Key contributing factors:

• Uneven distribution of Envoy pods across Kubernetes nodes left some nodes more vulnerable to traffic surges, which caused readiness probes to fail simultaneously.
• The fix to address the pod distribution imbalance was not applied in time due to a deployment issue, leaving the system exposed to failure under high traffic.
• The spike in traffic patterns, coupled with the existing vulnerabilities, led to overloaded pods and cascading shutdowns, similar to the congestive collapse seen in the August 27 incident.

Key differences between the events: 

• The August 27 failure was due to misconfigured health checks, while the September 25 failure stemmed from an unresolved issue in pod distribution.
• Readiness probe failures on September 25 were a result of traffic surges overloading the already imbalanced pods.

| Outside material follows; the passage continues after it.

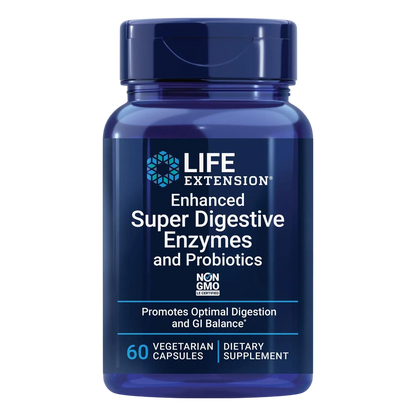 Enzimas Digestivas Probióticos, 60 Caps – Life Extension-Wellu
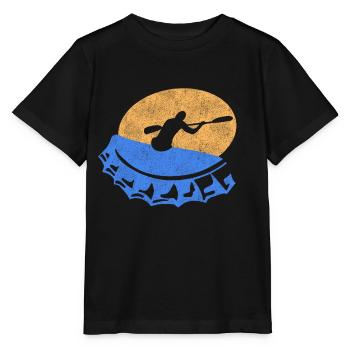 Pagaie - T-shirt bio MINI CREATOR Stanley/Stella Enfant - noir - Devant - Mikhail (115cm)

Key Action: Rollback to Nginx

Given that both incidents affected the same layer of our routing infrastructure, and to ensure greater stability, we made the decision to roll back the routing layer from Envoy to the Nginx system that had been in use previously. Nginx, which has been operational for much longer, provides a stable fallback while we conduct a more comprehensive evaluation of Envoy. This rollback allows us to address the architectural improvements needed in Envoy before considering redeployment.

Other Actions Taken

Following the August 27 incident:

• We added configurations to Envoy’s overload manager to better handle connection limits and avoid future congestive collapse.
• We revised the health check mechanism to isolate the /ready endpoint from other admin tasks, mitigating the noisy neighbor issue.

After the September 25 incident:

• We rolled back the affected routing layer from Envoy to Nginx, ensuring immediate stability while we review and improve Envoy's configuration and architecture.
• We implemented changes to ensure even pod distribution across Kubernetes nodes, minimizing the risk of future traffic surges leading to similar failures.
• We upgraded monitoring and alerting systems to catch early signs of traffic imbalances or readiness probe failures.

In both cases, we have increased capacity, enhanced traffic management, and improved resilience through making critical adjustments to our routing infrastructure to reduce the risk of cascading failures.